• [RECORDS FOR THE EXERCISE]:
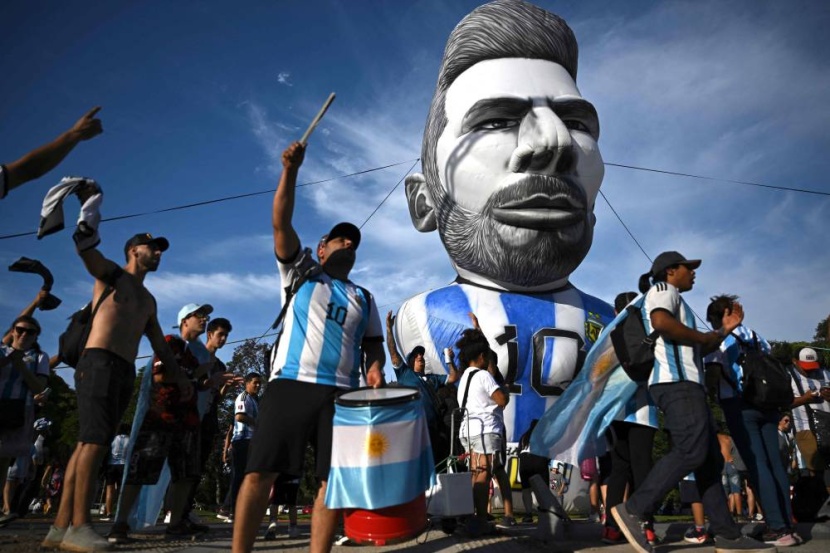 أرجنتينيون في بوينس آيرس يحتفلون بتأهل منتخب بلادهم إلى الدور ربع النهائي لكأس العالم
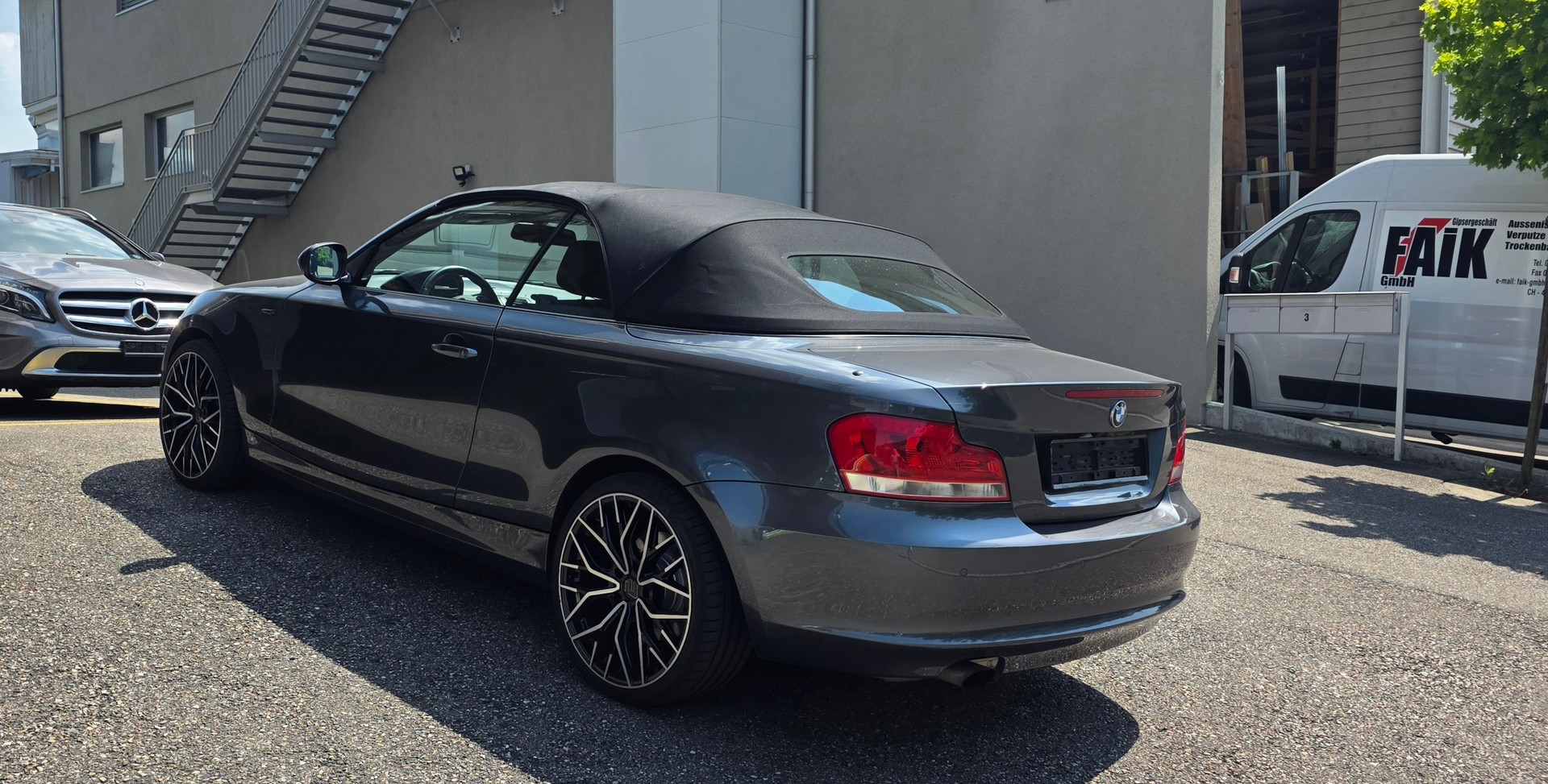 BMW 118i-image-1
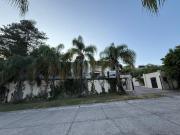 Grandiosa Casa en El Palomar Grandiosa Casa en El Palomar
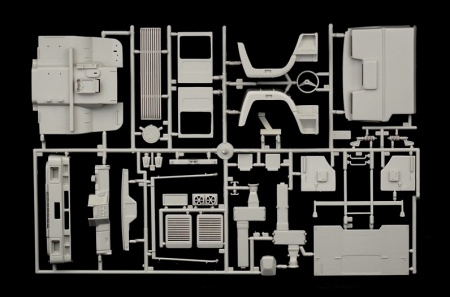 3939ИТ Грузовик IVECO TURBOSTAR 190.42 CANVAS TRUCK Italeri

* * *

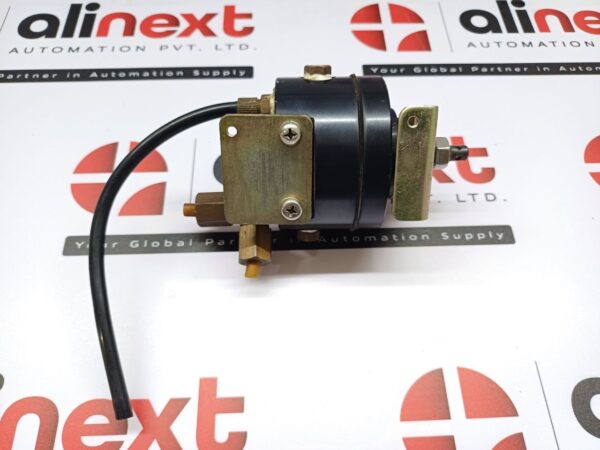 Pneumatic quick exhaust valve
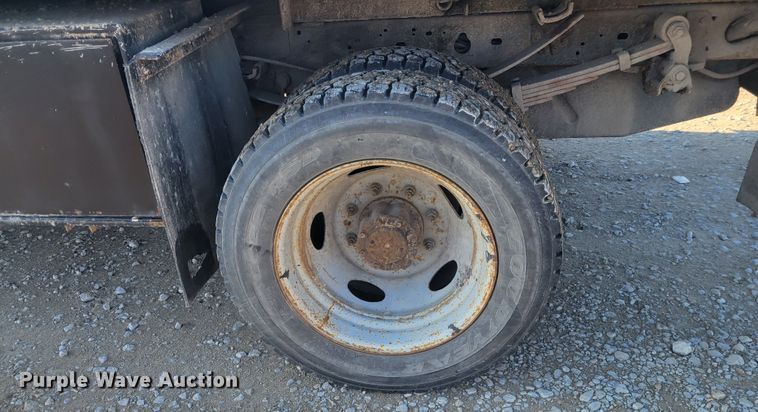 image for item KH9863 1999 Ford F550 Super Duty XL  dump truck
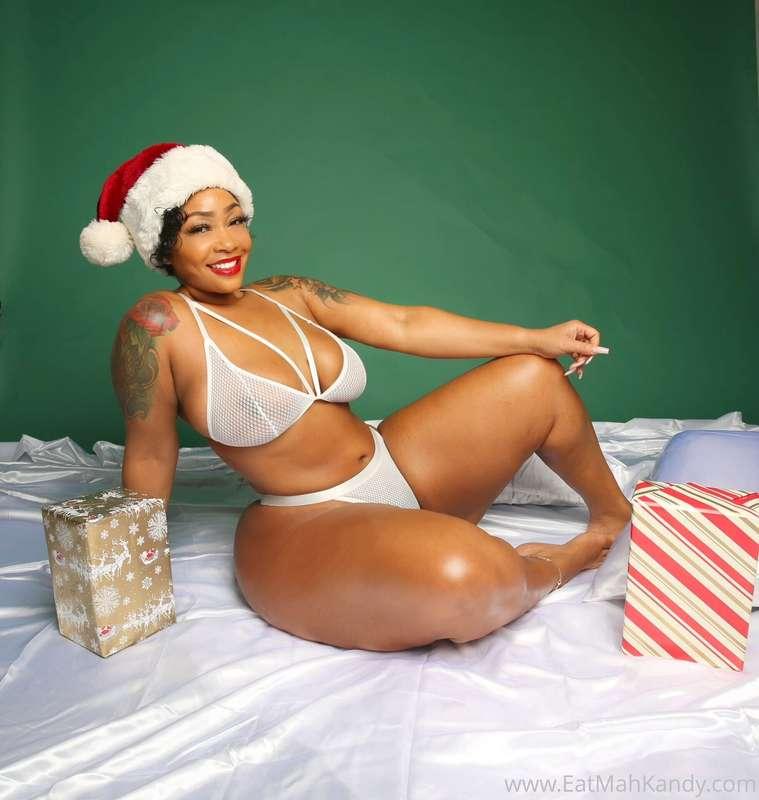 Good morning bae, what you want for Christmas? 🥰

• [TASK INSTRUCTIONS]: Repeat exactly the lines above, from the line that contains "BMW 118i-image-1" down through the line that contains "3939ИТ Грузовик IVECO". Include both of those lines and none of the pictures.

• [TASK RESPONSE]:
 BMW 118i-image-1
 Grandiosa Casa en El Palomar Grandiosa Casa en El Palomar
 3939ИТ Грузовик IVECO TURBOSTAR 190.42 CANVAS TRUCK Italeri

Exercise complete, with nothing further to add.